Your assignment:
Return the line that has "Vicces tejelő tehén vektor — Stock Vector" and all lines below it through the last, exactly as they stand; omit pictures.

Data shown:
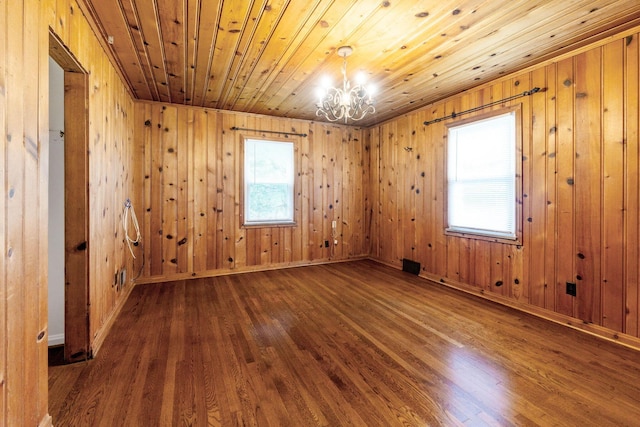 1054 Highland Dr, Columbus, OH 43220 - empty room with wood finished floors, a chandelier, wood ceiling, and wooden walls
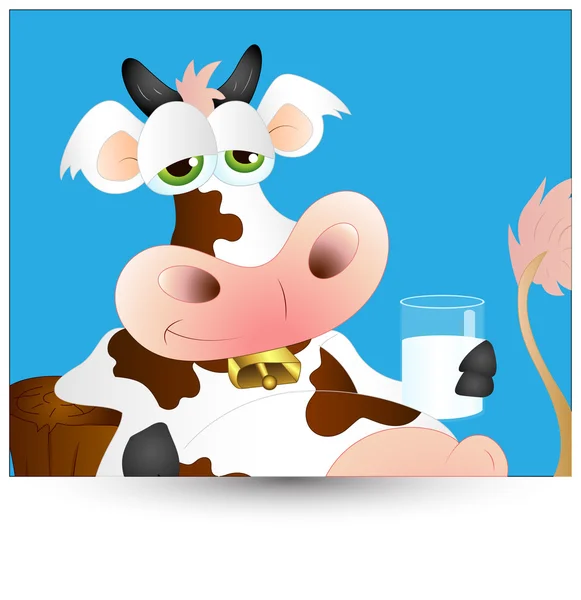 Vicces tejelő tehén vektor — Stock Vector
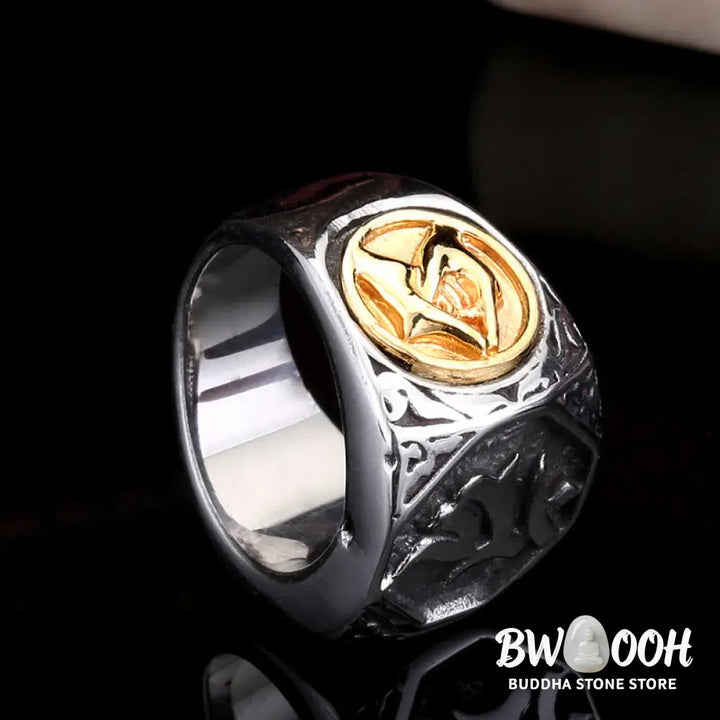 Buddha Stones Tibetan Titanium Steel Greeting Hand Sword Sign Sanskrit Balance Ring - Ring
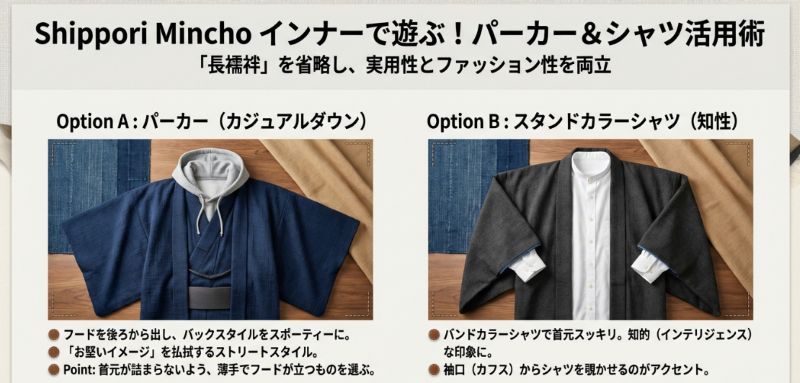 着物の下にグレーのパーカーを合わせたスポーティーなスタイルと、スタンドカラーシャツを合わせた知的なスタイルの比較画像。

Output of the exercise:
 Vicces tejelő tehén vektor — Stock Vector
 Buddha Stones Tibetan Titanium Steel Greeting Hand Sword Sign Sanskrit Balance Ring - Ring
 着物の下にグレーのパーカーを合わせたスポーティーなスタイルと、スタンドカラーシャツを合わせた知的なスタイルの比較画像。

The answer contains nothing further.